"Mercedes Lackey & Larry Dixon - Mage Wars 01 - The Black Gryphon" - читать интересную книгу автора (Lackey Mercedes)

"Sometimes I feel like a kestra'chern," Urtho told him ruefully. "Expected to please everyone and
generally pleasing—"
"Almossst everrryone." Skan interrupted. "Besssidesss, sssomeone hasss to lead, and I am too busy.
What arrre you doing down herrre anyway? Isssn't there a weapon to invessstigate, a Passss to retake? I
am only one sssstupid grrryphon, afterrr all."

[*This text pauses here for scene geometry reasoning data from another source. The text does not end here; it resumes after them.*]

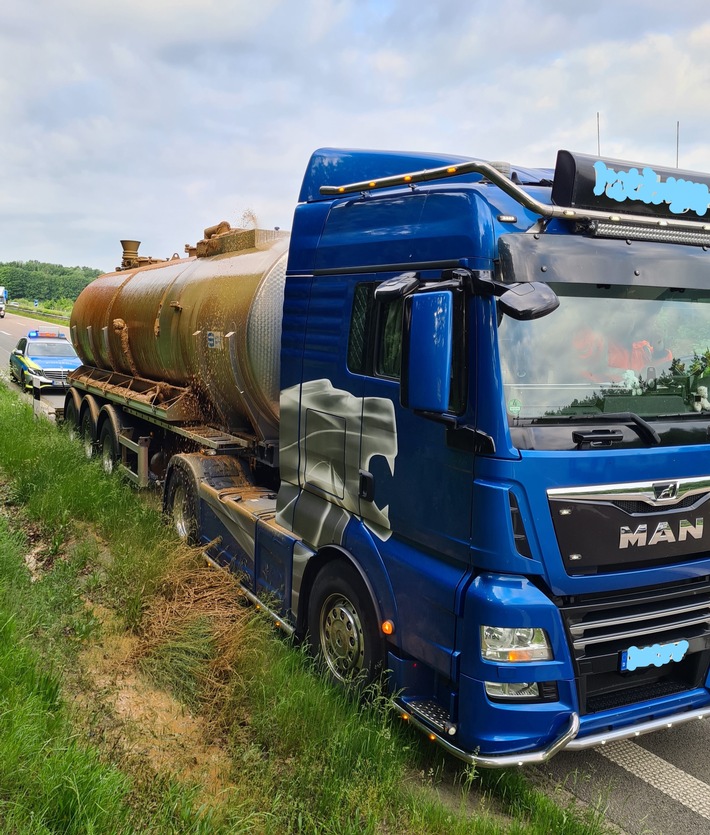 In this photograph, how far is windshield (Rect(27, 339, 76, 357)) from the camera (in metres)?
19.4

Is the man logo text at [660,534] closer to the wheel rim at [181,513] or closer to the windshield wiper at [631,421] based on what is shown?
the windshield wiper at [631,421]

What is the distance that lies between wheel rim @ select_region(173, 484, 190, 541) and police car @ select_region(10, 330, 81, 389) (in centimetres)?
1261

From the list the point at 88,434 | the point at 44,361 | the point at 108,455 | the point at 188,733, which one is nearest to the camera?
the point at 188,733

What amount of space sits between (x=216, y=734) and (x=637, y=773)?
2281 millimetres

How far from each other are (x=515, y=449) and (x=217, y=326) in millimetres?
3898

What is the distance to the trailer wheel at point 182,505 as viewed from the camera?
21.5 feet

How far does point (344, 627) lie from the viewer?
165 inches

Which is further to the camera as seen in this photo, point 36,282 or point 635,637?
point 36,282

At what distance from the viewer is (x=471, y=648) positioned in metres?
3.19

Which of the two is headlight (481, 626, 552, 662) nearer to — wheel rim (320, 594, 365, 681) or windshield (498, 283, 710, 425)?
windshield (498, 283, 710, 425)

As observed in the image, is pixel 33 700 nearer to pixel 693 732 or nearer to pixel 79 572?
pixel 79 572

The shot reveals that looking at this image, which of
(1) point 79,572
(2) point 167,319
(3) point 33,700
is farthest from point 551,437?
(2) point 167,319

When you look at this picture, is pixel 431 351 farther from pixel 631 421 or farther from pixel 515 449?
pixel 631 421

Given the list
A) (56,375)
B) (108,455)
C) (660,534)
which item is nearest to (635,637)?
(660,534)
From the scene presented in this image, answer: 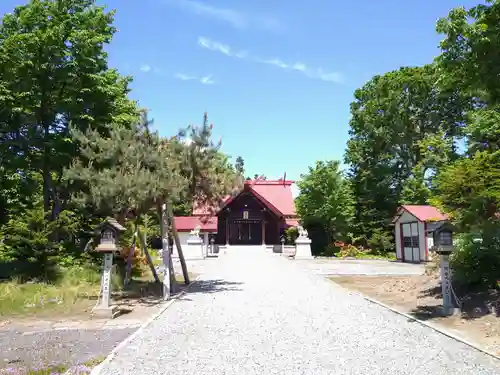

"True." Urtho sighed again. "But you are a very special stupid gryphon; I was concerned and I
wanted to see that you were doing as well as the Healers claimed. The weapon has been dealt with, and
a counterattack on the Pass is in the hands of the commanders; there is little I can do from here now that
it has been launched."
Urtho's face was a little thinner, and Skan guessed he had not been sleeping or eating much in the
past few days. He could sympathize with the mage for wishing to escape from his Tower for a little.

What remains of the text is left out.